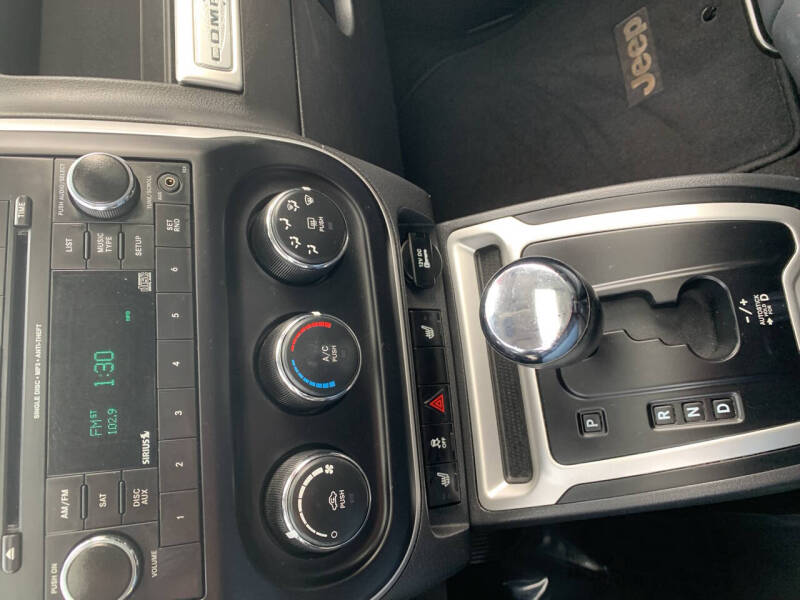 2017 Jeep Compass High Altitude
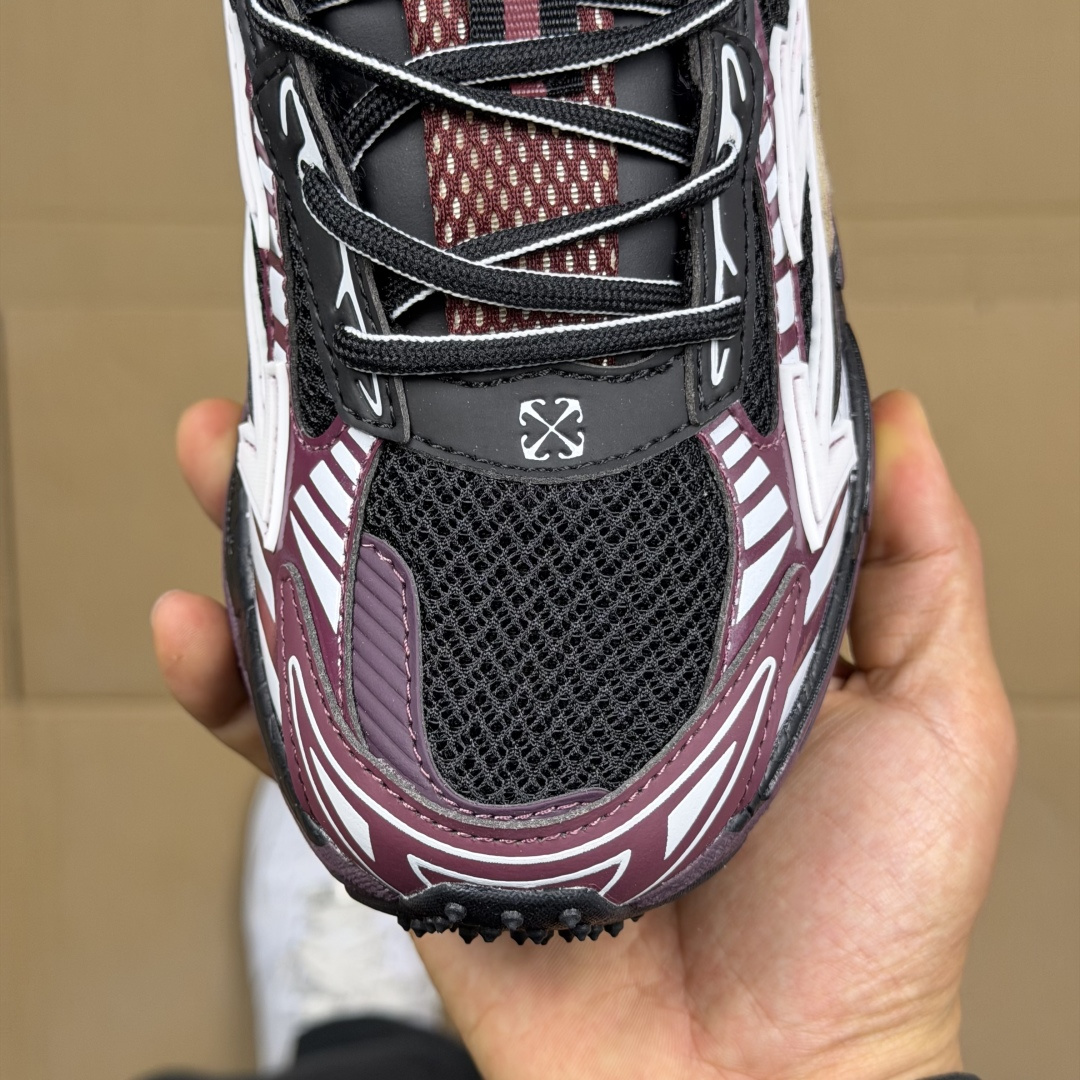 OW解构休闲跑鞋/复古老爹鞋 46色！OFF-WHITE Be Right Back 工艺很复杂！010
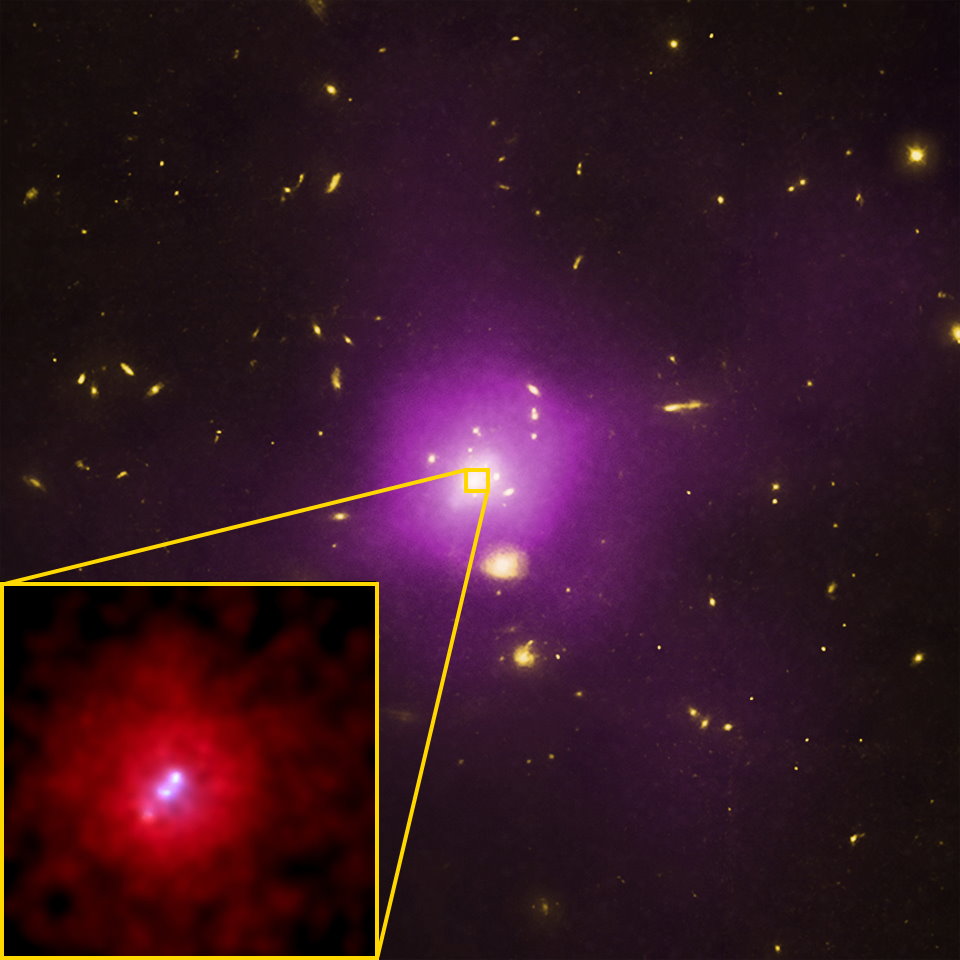 x-ray emission 3c 295 cluster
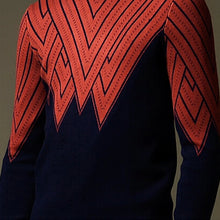 Men Large Size Sweaters Men's Casual Slim Fit Knitted Long Sleeved O Neck Sweaters and Pullovers Clothing BL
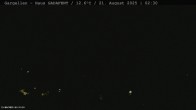 Archiv Foto Webcam Gargellen - Schafberg 01:00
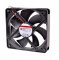 12CM MEC0252V3-000C-A99 24V 2.0W 2 Wires 120mm Inverter Cooling Fan 120x25mm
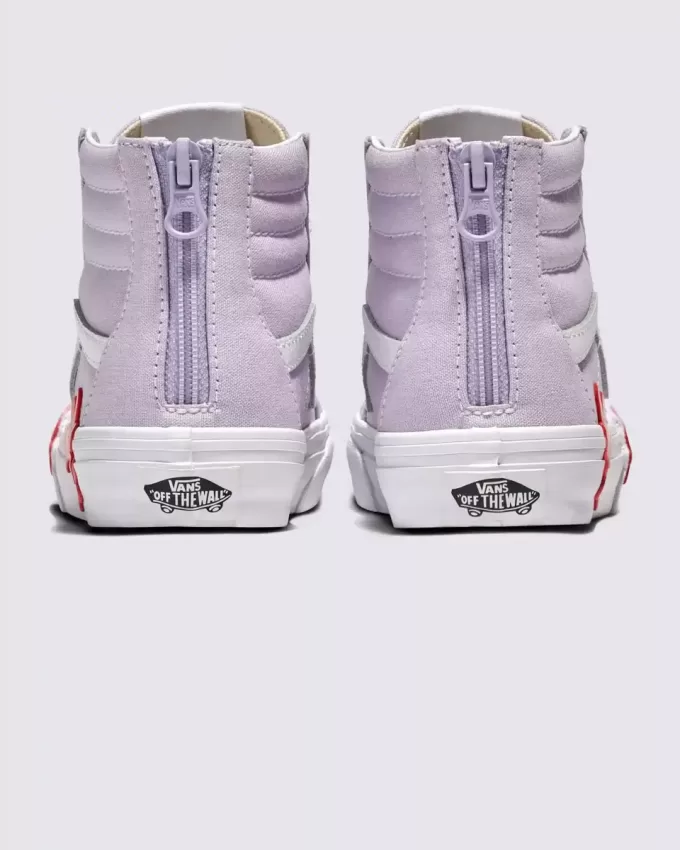 Pantofi pentru copii Sk8-Hi-Zip Flower Pantofi pentru copii Sk8-Hi-Zip Flower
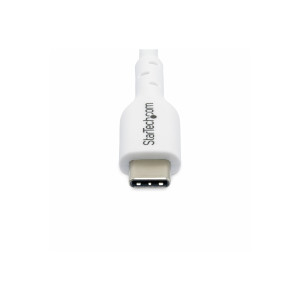 StarTech.com Cavo di ricarica USB-C bianco da 3 m, Cavo USB C, 60 W 3 A PD - Cavo USB - USB-C a 24 pin (M)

-*-

**WORK INSTRUCTIONS:** Exact transcription of the full listing above is required; images do not belong in it.

**ANSWER TO THIS EXERCISE:**
 2017 Jeep Compass High Altitude
 OW解构休闲跑鞋/复古老爹鞋 46色！OFF-WHITE Be Right Back 工艺很复杂！010
 x-ray emission 3c 295 cluster
 Men Large Size Sweaters Men's Casual Slim Fit Knitted Long Sleeved O Neck Sweaters and Pullovers Clothing BL
 Archiv Foto Webcam Gargellen - Schafberg 01:00
 12CM MEC0252V3-000C-A99 24V 2.0W 2 Wires 120mm Inverter Cooling Fan 120x25mm
 Pantofi pentru copii Sk8-Hi-Zip Flower Pantofi pentru copii Sk8-Hi-Zip Flower
 StarTech.com Cavo di ricarica USB-C bianco da 3 m, Cavo USB C, 60 W 3 A PD - Cavo USB - USB-C a 24 pin (M)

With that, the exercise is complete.